* ASSIGNMENT: Give the lines again exactly as they appear below, from the line with "Piscine pour chien" to the line with "growlog timeline photo", both included, and only those lines. Leave every picture out.

* AVAILABLE DATA:
BEGIN
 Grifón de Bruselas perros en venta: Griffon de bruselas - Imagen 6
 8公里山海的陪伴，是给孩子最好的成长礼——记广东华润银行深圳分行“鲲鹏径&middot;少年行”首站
END
BEGIN
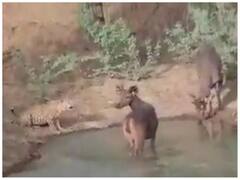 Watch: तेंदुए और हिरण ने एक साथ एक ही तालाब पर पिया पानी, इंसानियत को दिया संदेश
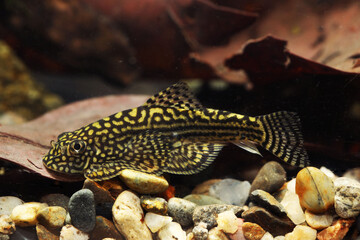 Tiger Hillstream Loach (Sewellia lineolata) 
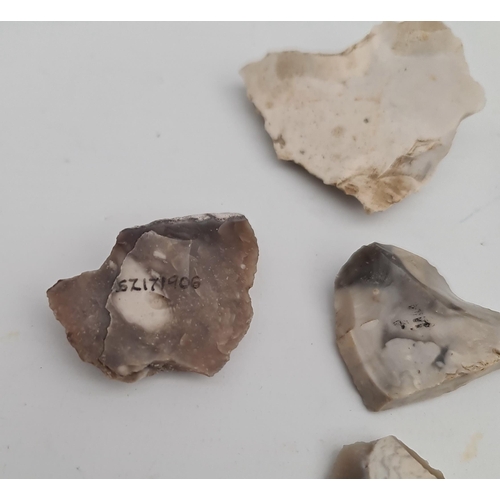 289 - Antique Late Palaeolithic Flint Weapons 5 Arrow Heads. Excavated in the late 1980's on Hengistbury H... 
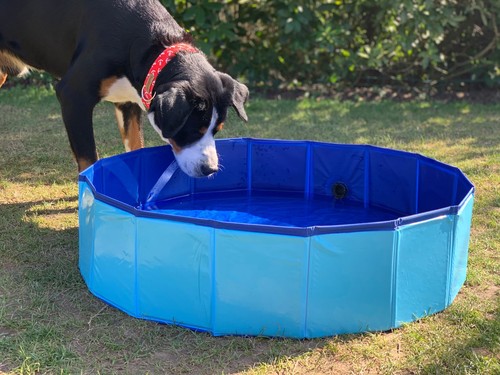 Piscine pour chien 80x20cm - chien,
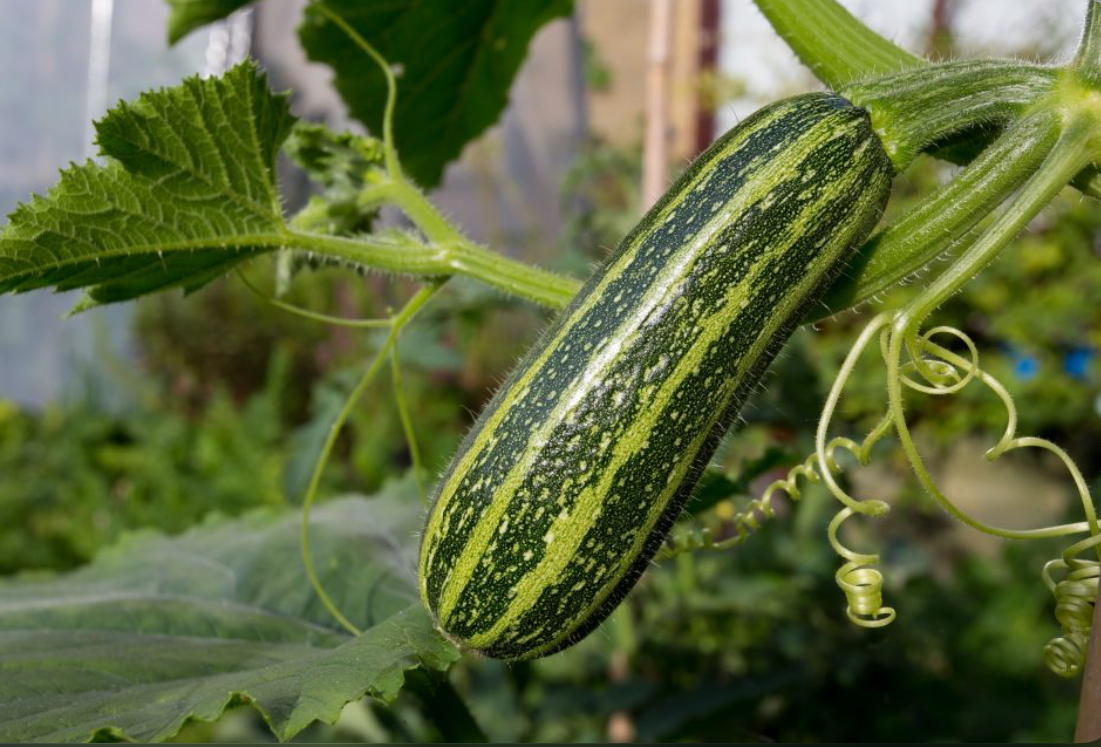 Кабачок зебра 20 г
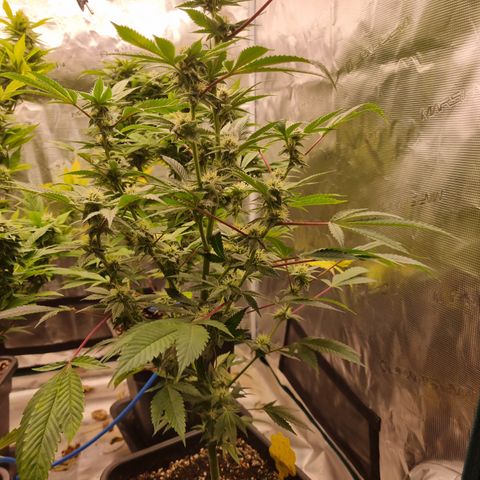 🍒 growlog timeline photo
END
* RESULT OF THIS TASK:
 Piscine pour chien 80x20cm - chien,
 Кабачок зебра 20 г
 🍒 growlog timeline photo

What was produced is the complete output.